Głównym celem pomocy finansowej w ramach przewidzianych instrumentów będzie rozwój gospodarstw rolnych (Modernizacja gospodarstw rolnych, Restrukturyzacja małych gospodarstw rolnych, Premie dla młodych rolników, Płatności dla rolników przekazujących małe gospodarstwa rolne). Premie dla młodych rolników, które zostały przewidziane w nowym PROW mają głownie na celu ułatwienie młodym osobom rozpoczęcie samodzielnego prowadzenia działalności rolniczej w przejmowanych przez nich gospodarstwach rolnych. Najważniejszymi założeniami dla młodych rolników chcących skorzystać z dodatkowej pomocy są: nie ukończenie 40 roku życia, posiadanie odpowiednich kwalifikacji zawodowych, lub zobowiązanie się do ich zdobycia w przeciągu 3 lat od otrzymania decyzji o pomocy, bycie posiadaczem minimum 1ha użytków rolnych przed dniem złożenia wniosku o przyznanie pomocy dla młodego rolnika.

Wszystkie szczegóły dotyczące warunków jakie musi spełnić rolnik by ubiegać się o wsparcie w ramach PROW na lata 2014 – 2020 mogą odnaleźć państwo na stronach AMIRR oraz Ministerstwa Rolnictwa.

CO DAJĄ DOTACJE ?

Obecny PROW jest podobny do znanego już z lat 2007- 2013, jednak została zmieniona jego konstrukcja. W aktualnej formie występuje mniej tzw. działań i pojawiła się możliwość jednoczesnego skorzystania z różnych „poddziałań”. Łącznie zostało stworzone 25 form wsparcia, w tym kontynuacja pomocy z lat poprzednich.  Warto zwrócić uwagę na zmodyfikowane wsparcie z bardzo popularnego działania „Modernizacja gospodarstw rolnych”. Obecnie wartość pomocy będzie uwarunkowana od rodzaju przewidzianych inwestycji. Na największe wsparcie mogą liczyć rolnicy stawiający na rozwój produkcji prosiąt (maksymalnie aż do 900 tys. zł). Na pozostałe inwestycje związane z produkcją zwierzęcą wsparcie wyniesie do 500 tys. zł. Wszystkie pozostałe przedsięwzięcia a także zakupy w gospodarstwie będą mogły otrzymać dofinansowanie w wysokości do 200 tys. zł.

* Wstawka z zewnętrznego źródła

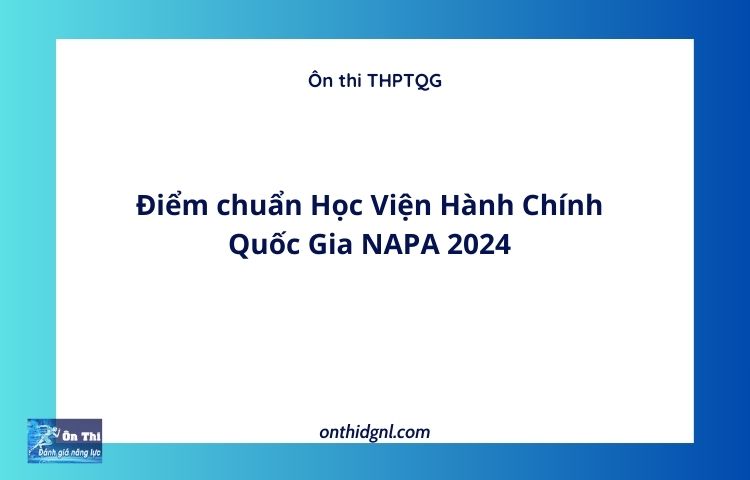 Điểm chuẩn Học Viện Hành Chính Quốc Gia NAPA 2024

Niezmiennie na mocne wsparcie będą mogli liczyć młodzi rolnicy, którzy oprócz większych dopłat bezpośrednich, mogą spodziewać się „premii” na start wynoszącej 100 tys. zł. Różnica w porównaniu do poprzednich programów polega na tym, że obecnie wypłata nastąpi  w dwóch etapach: pierwszy – 80 proc. Drugi po zrealizowaniu inwestycji i udokumentowaniu wydatków – 20 proc.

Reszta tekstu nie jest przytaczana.